Dover Bay Secondary School Grade 10 students Brianne Davies

Nanaimo students learn life-saving skills

NANAIMO – Equipment and training provided through Advanced Coronary Treatment Foundation.

Last week, students at Dover Bay Secondary School demonstrated how to revive someone who has gone into cardiac arrest.

The demonstration was part of a kickoff and donation presentation ceremony at the school Friday morning to launch the Advanced Coronary Treatment Foundation High School CPR and Defibrillator Program in Nanaimo, which will train 1,100 students in cardio pulmonary resuscitation and defibrillation techniques annually in the school district’s six secondary schools.

As part of the program, each school will receive CPR training dummies, automatic external defibrillator training devices, and fully functional units to potentially save a life should a cardiac emergency occur.

Representatives from the Royal Bank of Canada’s Nanaimo branches were on hand to present a $20,000 donation to pay for the program locally. The ultimate goal is to have 700 units in schools across B.C.

An automated external defibrillator already proved its worth locally when a 34-year-old man was resuscitated after going into cardiac arrest at Frank Crane Arena in 2014.

“The goal is that [CPR training] reaches all students before graduation,” said Jennifer Edwards, ACT Foundation operations manager. “Every student who goes into Planning 10 will receive the course for free.”

Friday was the first day of training for Grade 10 students Makayla Egan and Brianne Davies who are in Dover Bay’s Planning 10 program. About 200 Planning 10 students will be trained annually. Both girls said they have never had to deal with a real-life medical emergency.

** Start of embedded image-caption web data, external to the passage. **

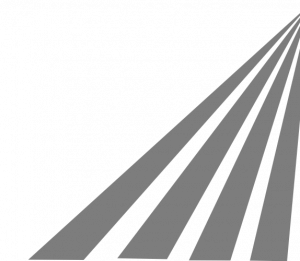 bkg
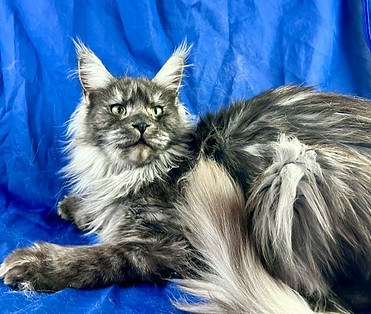 California Maine Coons, European Maine Coons For Sale San Diego, California, Prestigious Purr is TICA registered
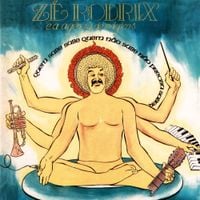 Z&eacute; Rodrix - Quem Sabe Sabe Quem N&atilde;o Sabe N&atilde;o Precisa Saber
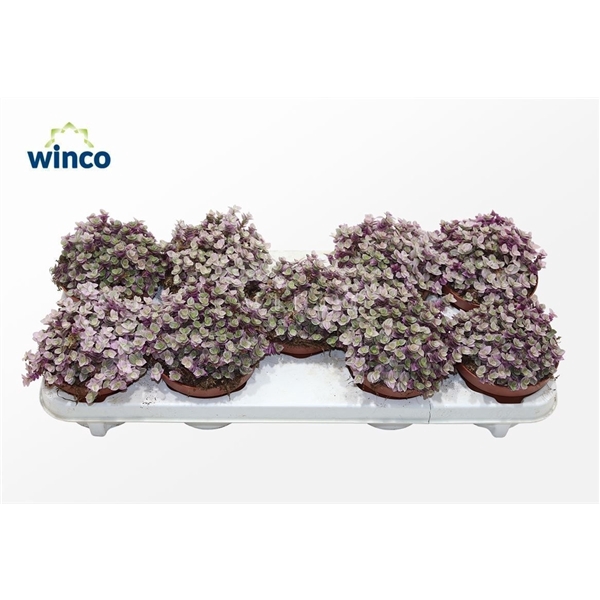 <h4>Tradescantia Fluminensis</h4>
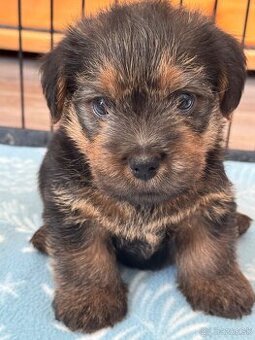 Norfolk terrier psik cierna s trieslovou : Oliver 6 tyzdnov - 3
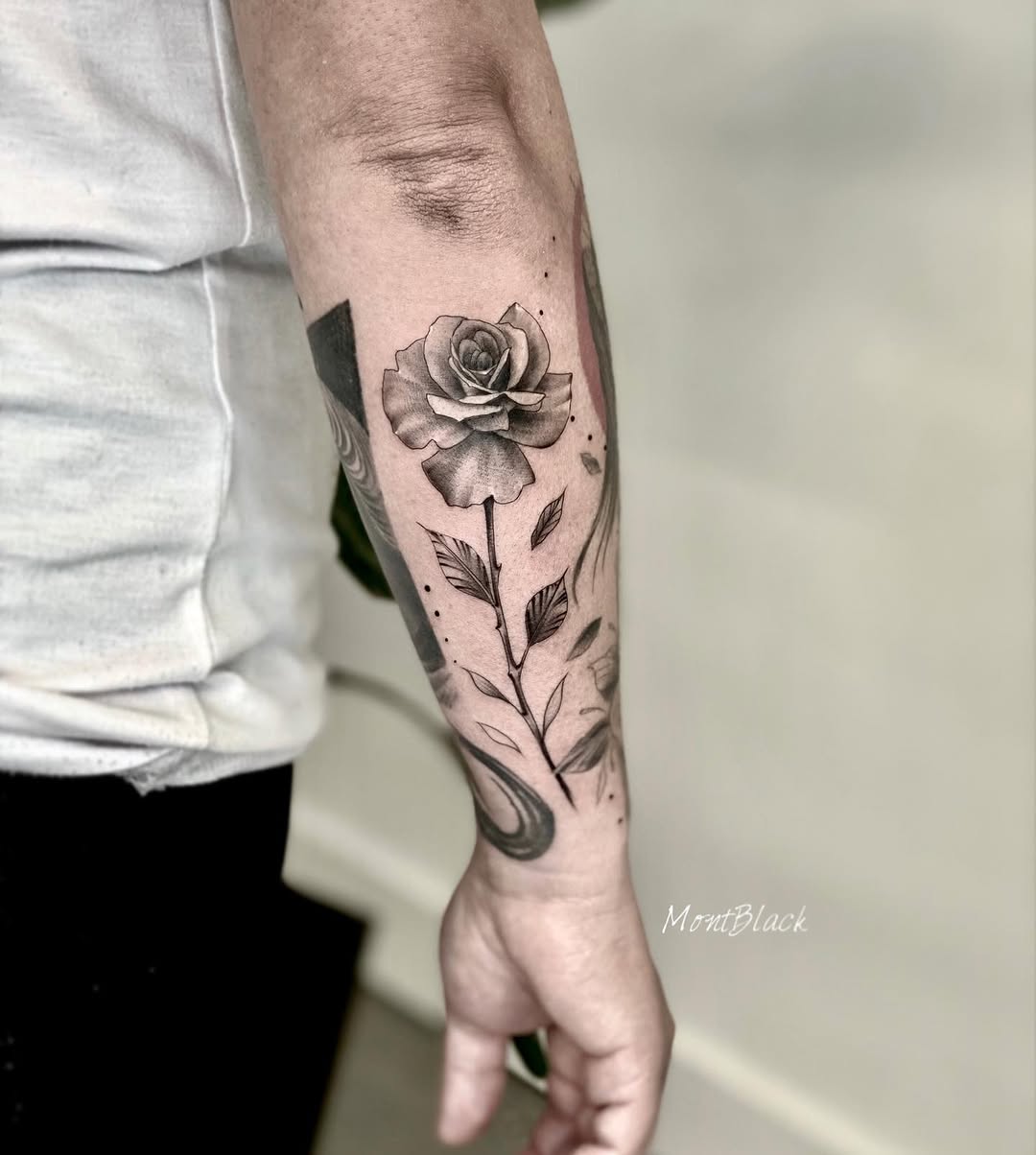 Flower, Rose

“I just kind of feel better having that in the school,” Egan said. “It kind of creates a security thing.”

Some of that confidence is derived from the defibrillator’s instructions, recited verbally, to guide users through the resuscitation procedure.

“I feel more confident, like if the situation was to happen that I would be able to help the person out,” Davies said. “The device is really easy to use and it helps you out.”

The ACT Foundation is a non-profit charitable organization establishing free CPR and defibrillator programs across Canada and has so far set up ACT High School CPR Programs in 226 public secondary schools across B.C. and trained 281,000 students.